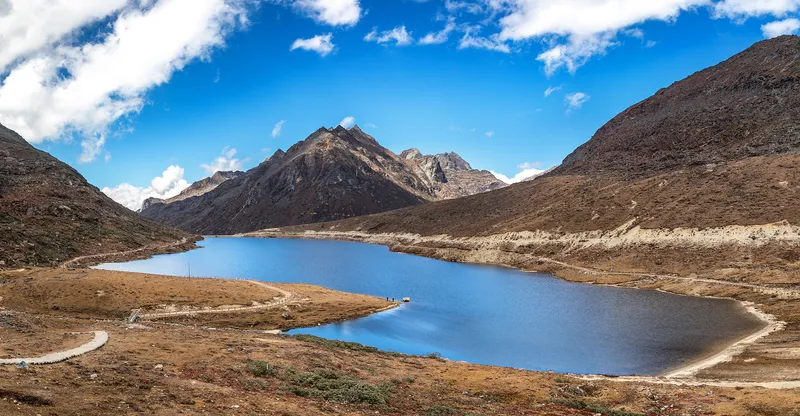 Sela Lake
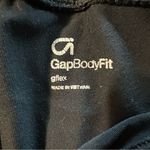 Gap  Body Fit women's medium black power flare leggings Photo 2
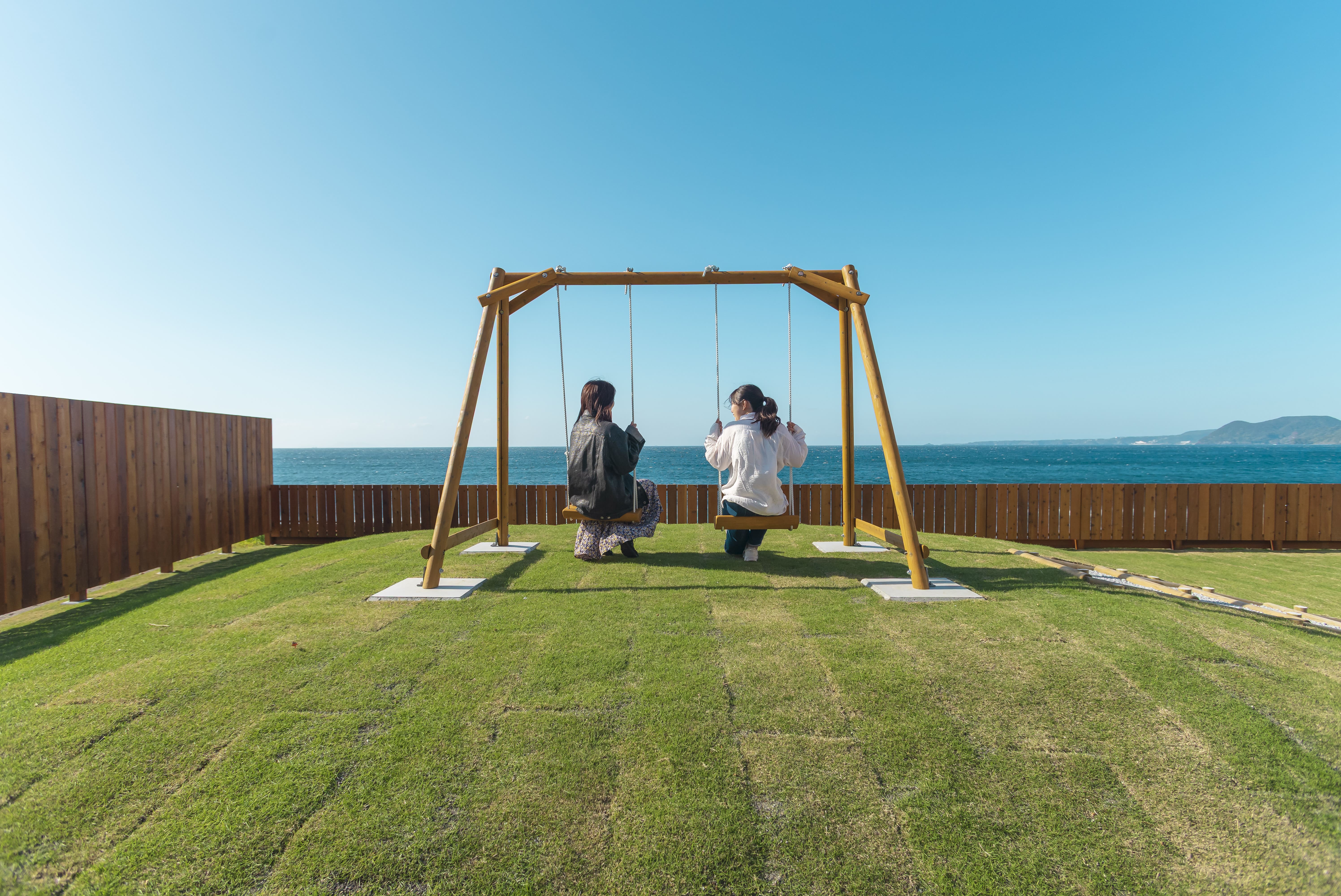 ブランコに乗って童心に帰ろう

— Problem to solve —
All of the data, minus its pictures, should be repeated exactly.

— Answer for the task —
 Sela Lake
 Gap  Body Fit women's medium black power flare leggings Photo 2
 ブランコに乗って童心に帰ろう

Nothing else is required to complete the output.